Poland left the EU’s Excessive Deficit Procedure – launched for member states with deficits exceeding 3% - in 2015, shortly before the populist Law and Justice (PiS) won power with generous spending promises. Doubts have been gathering over the new administration's ability to keep the deficit at bay as it seeks funds to pay for the pledges, which include a child benefits programme set to cost PLN17bn (€4bn) in 2016 and PLN23bn in 2017.
Next year is going to be particularly difficult in terms of controlling the deficit, because it will be the first full year of child benefits being paid out, after their launch from April this year, deputy Finance Minister Leszek Skiba told Rzeczpospolita.
“We will also begin carrying out other government pledges [in 2017], such as lowering of the retirement age, [increasing] of tax-free income, [or] changes in the copper tax,” Skiba said.
The government has introduced a bank tax and is working on a retail levy, although it is not yet clear what form this tax will ultimately take. Warsaw has also suggested numerous times that it plans to lower the mining tax, which is essentially a special levy on state-controlled copper miner KGHM.
“Our early estimates show we will need at least PLN12bn in improved tax collection to keep the deficit at 3% of GDP,” Skiba said. He also suggests the room for further spending plans is “minimal” if the deficit is not to go over the 3% threshold.
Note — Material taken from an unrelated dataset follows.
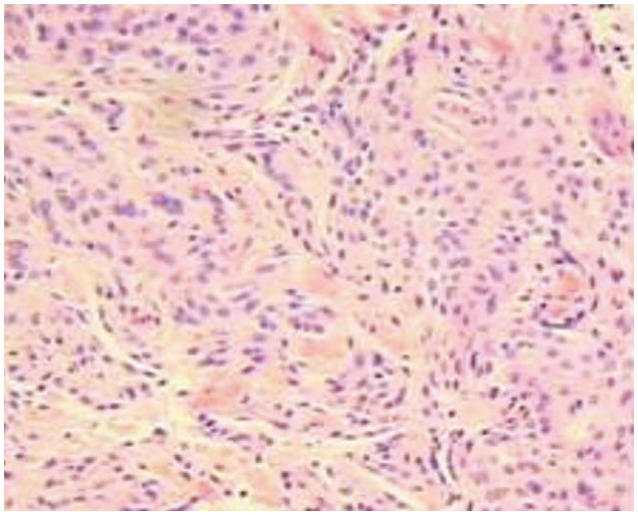 Massive Hyperostotic Meningioma En Plaque Mimicking Fibrous Dysplasia.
Joint revenue from the bank and retail taxes would be around PLN7.5bn in 2017, the official estimates. However, lenders are reportedly working out legal means to avoid the bank tax, while the fate of the retail tax is unclear.
On top of that, unless copper prices rebound in 2017, revenue from the mining tax is also in doubt. The government is already resigned to reducing projected income from the tax to around PLN1bn in 2016, from earlier estimate of PLN1.53bn, it says.
Skiba admits in the interview that the European Commission has estimated Poland’s deficit at 3.4% of GDP. “We are expecting the commission will be sceptical about [Poland’s ability to improve tax collection],” the minster said.